The first part, which is on checkpointing, will introduce the notions of local and global checkpoints, and present a theorem stating a necessary and sufficient condition for a set of local checkpoints to belong to the same consistent global checkpoint. Then, it will consider two consistency conditions, which can be associated with a distributed computation enriched with local checkpoints. The first consistency condition (called z-cycle-freedom) ensures that any local checkpoint, which has been taken by a process, belongs to a consistent global checkpoint. The second consistency condition (called rollback-dependency trackability) is stronger. It states that a consistent global checkpoint can be associated on the fly with any local checkpoint (i.e., without additional communication). The tutorial will discuss these consistency conditions and present algorithms that, once superimposed on a distributed execution, ensure that the corresponding consistency condition is satisfied. It will also present a message logging algorithm suited to uncoordinated checkpointing.

The second part of the tutorial will be devoted to the debugging of asynchronous message-passing computations. Distributed programs are more difficult to design than sequential programs. This is mainly due to asynchrony, which makes the notion of a global state difficult to master and exploit. It follows that distributed debugging of distributed programs is much more difficult than its sequential counterpart. Two fundamental issues are attached to distributed debugging: the replay of distributed executions and the detection of global properties of these executions, mainly when these properties are unstable (while, once true, a stable property remains true forever, this is no longer the case for unstable properties). The tutorial will discuss these two important issues and will present several approaches and algorithms that have been proposed to solve them.

Tutorial #2: Architecting Resilience in Self-Adaptive Systems

Javier Cámara
Department of Informatics Engineering, University of Coimbra
3030-290 Coimbra, Portugal
jcmoreno@dei.uc.pt

Rogério de Lemos
School of Computing, University of Kent
Canterbury, Kent CT2 7NF, UK
r.delemos@kent.ac.uk

Duration: 1.5 hours

Abstract:

The important concern for modern software systems is to become more cost-effective, while being versatile, flexible, resilient, dependable, energy-efficient, customisable, configurable and self-optimising when reacting to run-time changes that may occur within the system itself, its environment or requirements. One of the most promising approaches to achieving such properties is to equip software systems with self-managing capabilities using self-adaptation mechanisms. Despite recent advances in this area, one key aspect of self-adaptive systems that remains to be tackled in depth is assurances: that is, the provision of evidence that the system satisfies its stated functional and non-functional requirements during its operation in the presence of self-adaptation.

The goal of this tutorial is to discuss the fundamental principles, models, methods, techniques, mechanisms, state-of-the-art, and challenges for the provision of assurances in self-adaptive software systems.

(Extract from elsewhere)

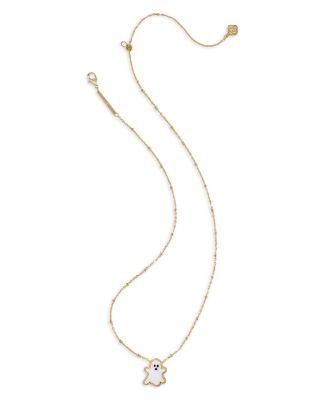 Mother Of Pearl Ghost Pendant Necklace, 19"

Tutorial #3: Holistic Optimization of Distribution Automation Smart-Grid Designs using Survivability Modeling

Alberto Avritzer
Siemens Corporate Research
alberto.avritzer@siemens.com

Daniel Mensache
Universidade Federal do Rio de Janeiro (UFRJ)

Duration: 1,5 hours

Abstract:

Smart grids are fostering a paradigm shift in the realm of power distribution systems. Whereas traditionally different components of the power distribution system havebeen provided and analyzed by different teams, smart grids require a unified and holistic approach taking into consideration the interplay of distributed generation, distribution automation topology, intelligent features, and others.

In this tutorial, we describe the use of transient survivability metrics to create better distribution automation network designs. Our approach combines survivability analysis and power flow analysis to
assess the survivability of the distribution power grid network.

We conclude the tutorial by presenting practical optimization results based on real distribution grids.